◆ **Task goal**: Print all the records below exactly as they stand, but leave out the pictures.

################

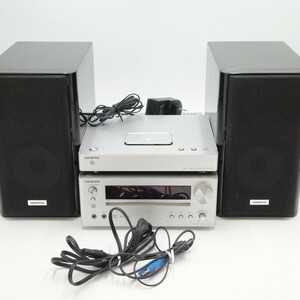 ONKYO オンキョー ミニコンポ オーディオコンポ CR-S1 ND-S1 D-SE600 2009年製 オーディオ機器 音響機器 通電確認済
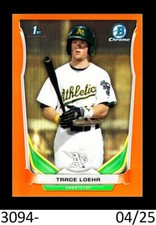 1-2014 BOWMAN CHROME DRAFT ORANGE TRACE LOEHR A'S 04/25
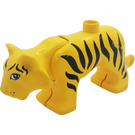 Duplo Yellow Tiger with Movable Head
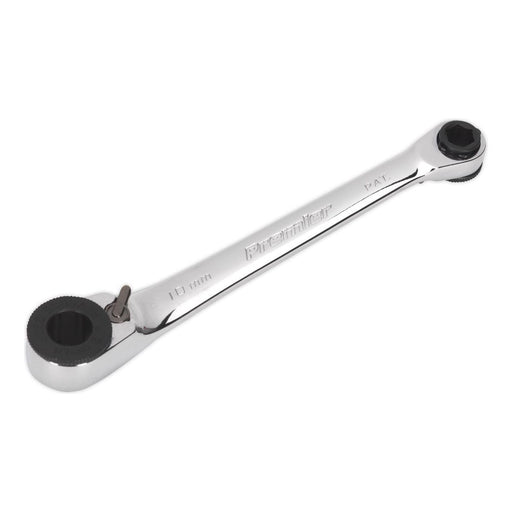 Sealey Ratchet Spanner Reversible 1/4"Hex x 10mm Hex AK6968 Sealey - Town Tools 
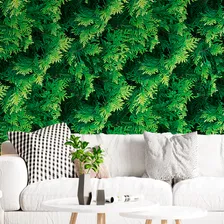 Papel De Parede Plantas Verde Efeito 3d Tuia Hilandesa 15m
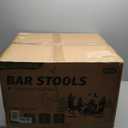 Swivel Bar Stools Set of 2, 24 Inch Counter Height Bar Stool with Backrest, Modern Faux Leather Upholstered Bar Stools for Home Bars, Kitchen Islands, Dining Rooms (White, 24 inch)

################

◆ **Answer**:
 ONKYO オンキョー ミニコンポ オーディオコンポ CR-S1 ND-S1 D-SE600 2009年製 オーディオ機器 音響機器 通電確認済
 1-2014 BOWMAN CHROME DRAFT ORANGE TRACE LOEHR A'S 04/25
 Duplo Yellow Tiger with Movable Head
 Sealey Ratchet Spanner Reversible 1/4"Hex x 10mm Hex AK6968 Sealey - Town Tools 
 Papel De Parede Plantas Verde Efeito 3d Tuia Hilandesa 15m
 Swivel Bar Stools Set of 2, 24 Inch Counter Height Bar Stool with Backrest, Modern Faux Leather Upholstered Bar Stools for Home Bars, Kitchen Islands, Dining Rooms (White, 24 inch)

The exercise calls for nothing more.